Der Oberste Gerichtshof hat am 15.Jänner 1986 durch den Senatspräsidenten des Obersten Gerichtshofes Dr. Faseth als Vorsitzenden und durch die Hofräte des Obersten Gerichtshofes Hon.Prof. Dr. Steininger, Dr. Horak, Dr. Lachner und Dr. Massauer als weitere Richter in Gegenwart des Richteramtsanwärters Dr. Hausmann als Schriftführerin in der Strafsache gegen Stefan G*** wegen des Verbrechens des schweren Raubes nach §§ 142 Abs 1, 143 zweiter Fall StGB und anderer strafbarer Handlungen über die Nichtigkeitsbeschwerde und die Berufung des Angeklagten sowie über die Berufung der Staatsanwaltschaft gegen das Urteil des Geschwornengerichtes beim Landesgericht Innsbruck vom 17. Oktober 1985, GZ 20 Vr 2318/85-26, nach öffentlicher Verhandlung in Anwesenheit des Vertreters des Generalprokurators, Generalanwalt Dr. Rzeszut, und des Verteidigers Dr. Heißl jedoch in Abwesenheit des Angeklagten zu Recht erkannt:

 

Spruch:

Die Nichtigkeitsbeschwerde wird verworfen.

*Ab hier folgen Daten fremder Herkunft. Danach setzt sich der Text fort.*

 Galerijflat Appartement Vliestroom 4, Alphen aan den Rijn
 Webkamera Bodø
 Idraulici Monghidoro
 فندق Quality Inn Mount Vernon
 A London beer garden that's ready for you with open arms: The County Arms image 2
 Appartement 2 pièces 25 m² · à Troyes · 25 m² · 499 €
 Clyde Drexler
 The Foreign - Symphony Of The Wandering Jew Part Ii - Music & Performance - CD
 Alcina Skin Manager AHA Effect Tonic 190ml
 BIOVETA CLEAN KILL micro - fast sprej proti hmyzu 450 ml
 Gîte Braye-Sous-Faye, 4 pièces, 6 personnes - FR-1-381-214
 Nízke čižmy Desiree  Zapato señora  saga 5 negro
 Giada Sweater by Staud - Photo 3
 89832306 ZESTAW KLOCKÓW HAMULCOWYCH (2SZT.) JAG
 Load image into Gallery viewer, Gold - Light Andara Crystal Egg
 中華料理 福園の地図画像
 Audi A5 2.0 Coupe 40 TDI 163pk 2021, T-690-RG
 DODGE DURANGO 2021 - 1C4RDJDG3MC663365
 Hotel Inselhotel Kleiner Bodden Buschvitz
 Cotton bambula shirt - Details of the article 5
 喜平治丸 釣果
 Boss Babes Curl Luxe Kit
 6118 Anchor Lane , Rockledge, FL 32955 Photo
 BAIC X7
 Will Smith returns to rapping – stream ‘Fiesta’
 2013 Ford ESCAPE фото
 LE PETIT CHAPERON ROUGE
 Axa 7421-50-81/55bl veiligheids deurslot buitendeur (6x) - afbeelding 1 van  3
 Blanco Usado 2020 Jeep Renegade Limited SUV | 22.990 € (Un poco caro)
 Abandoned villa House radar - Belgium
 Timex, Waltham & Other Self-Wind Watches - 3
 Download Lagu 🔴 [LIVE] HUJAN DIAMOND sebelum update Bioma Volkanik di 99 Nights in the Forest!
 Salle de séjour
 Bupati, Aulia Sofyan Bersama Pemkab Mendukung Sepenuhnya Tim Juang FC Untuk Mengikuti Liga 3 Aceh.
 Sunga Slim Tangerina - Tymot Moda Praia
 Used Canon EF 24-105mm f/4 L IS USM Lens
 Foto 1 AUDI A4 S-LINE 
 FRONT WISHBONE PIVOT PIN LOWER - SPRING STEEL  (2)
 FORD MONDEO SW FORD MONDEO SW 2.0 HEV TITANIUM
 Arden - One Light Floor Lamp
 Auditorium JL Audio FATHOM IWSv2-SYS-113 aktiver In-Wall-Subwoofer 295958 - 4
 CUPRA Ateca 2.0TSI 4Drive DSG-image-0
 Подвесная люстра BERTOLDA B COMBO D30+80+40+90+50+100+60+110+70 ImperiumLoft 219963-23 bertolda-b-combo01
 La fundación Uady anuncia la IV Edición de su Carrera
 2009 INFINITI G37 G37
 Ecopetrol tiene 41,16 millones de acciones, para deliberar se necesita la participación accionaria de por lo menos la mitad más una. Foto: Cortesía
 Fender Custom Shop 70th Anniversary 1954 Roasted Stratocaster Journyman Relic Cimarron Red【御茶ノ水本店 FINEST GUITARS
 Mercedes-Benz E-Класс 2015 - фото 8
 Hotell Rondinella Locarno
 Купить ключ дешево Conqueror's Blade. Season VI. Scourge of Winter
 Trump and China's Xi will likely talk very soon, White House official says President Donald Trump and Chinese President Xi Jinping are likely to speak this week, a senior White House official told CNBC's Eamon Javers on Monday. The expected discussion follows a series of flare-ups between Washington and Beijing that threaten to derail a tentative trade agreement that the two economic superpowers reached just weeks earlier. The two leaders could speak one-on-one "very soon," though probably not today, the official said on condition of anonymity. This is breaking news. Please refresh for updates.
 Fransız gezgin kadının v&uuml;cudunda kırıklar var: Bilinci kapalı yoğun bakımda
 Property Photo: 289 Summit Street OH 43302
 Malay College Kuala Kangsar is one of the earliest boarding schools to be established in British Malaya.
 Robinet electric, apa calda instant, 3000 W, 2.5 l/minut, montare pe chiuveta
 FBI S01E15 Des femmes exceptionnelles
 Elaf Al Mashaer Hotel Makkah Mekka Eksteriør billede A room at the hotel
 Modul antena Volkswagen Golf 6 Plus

Den Berufungen wird nicht Folge gegeben.

Gemäß § 390 a StPO fallen dem Angeklagten auch die Kosten des Rechtsmittelverfahrens zur Last.

Text

Gründe:

Mit dem auf dem Wahrspruch der Geschwornen beruhenden angefochtenen Urteil wurde der 20-jährige Stefan G*** (neben anderen strafbaren Handlungen) des Verbrechens des schweren Raubes nach §§ 142 Abs 1, 143 zweiter Fall StGB (Punkt 1. des Urteilssatzes) schuldig erkannt.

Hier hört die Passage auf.